Desde Mar del Plata 

Las olas, el viento y el cine. Desde el viernes pasado a las 17 horas en punto –horario de la primera función simultánea en varias salas– los cinéfilos tienen el código MDQ marcado en la frente, aunque la apertura y proyección inaugural del 31° Festival Internacional de Cine de Mar del Plata –nuevamente con la presidencia de José Martínez Suárez y la dirección artística de Fernando Martín Peña– fue unas horas más tarde, con la exhibición de Neruda, el film del chileno Pablo Larraín acerca de un particular evento en la vida del famoso poeta. Pero más allá de esa gala en el Teatro Auditorium y la fiesta posterior, toda una tradición en el evento marplatense, las proyecciones a todo vapor comenzaron ayer, bien temprano por la mañana, incluidas aquellas integradas a las tres competencias oficiales más importantes: la internacional, la latinoamericana y la argentina, que serán juzgadas y premiadas por sendos jurados independientes unos de los otros.
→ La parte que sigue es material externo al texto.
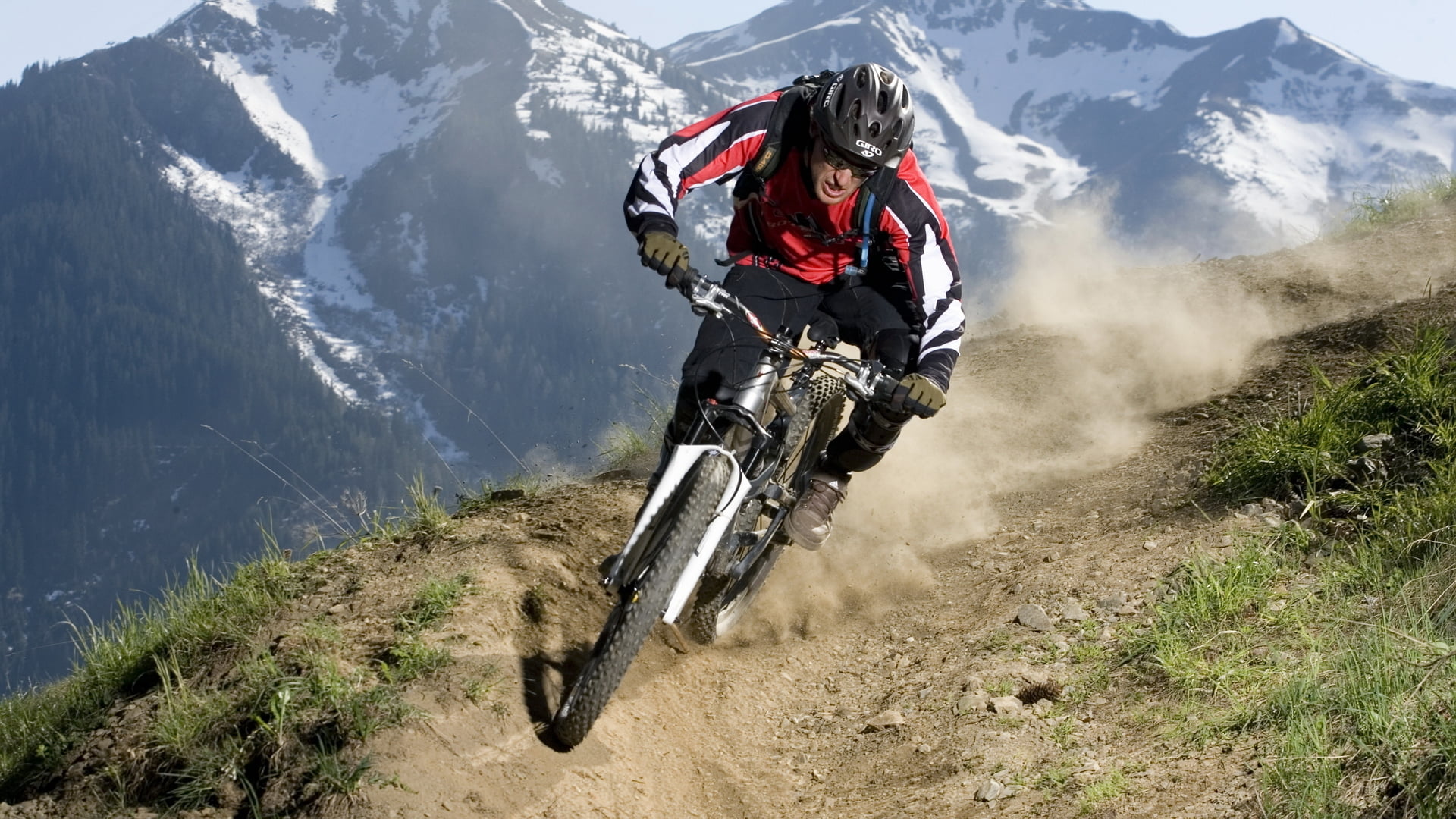 motorcycle, motion, summer, transportation, outdoors, motocross, mtb, lifestyles, people, landscape, activity, action, men, sunlight, freedom, white, riding, HD Wallpaper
La sección competitiva con acento latino, integrada por doce largometrajes de reciente producción llegados de países como Colombia, Uruguay, Perú, Brasil y Argentina, entre otros, dio su primer paso con la mexicana Todo lo demás, de Natalia Almada. Según afirma la realizadora en un breve texto escrito para el catálogo, el proyecto surgió a partir de “la idea de Hannah Arendt de que la burocracia es una forma severa de violencia”, aunque también pesó mucho su mirada como documentalista (este es su primer film de ficción) luego de utilizar personalmente durante años una piscina propiedad del departamento impositivo mexicano y de conversar con mujeres jubiladas que habían pasado décadas de trabajo en escritorios gubernamentales. La protagonista, Doña Flor, interpretada con represión gestual por Adriana Barraza, pasa sus días atendiendo a la gente en una típica oficina pública y las tardes y noches acariciando y dando de comer a su gato. Cuando no ocurre ninguna de esas cosas, la mujer está viajando del trabajo al hogar o viceversa en algún superpoblado tren subterráneo.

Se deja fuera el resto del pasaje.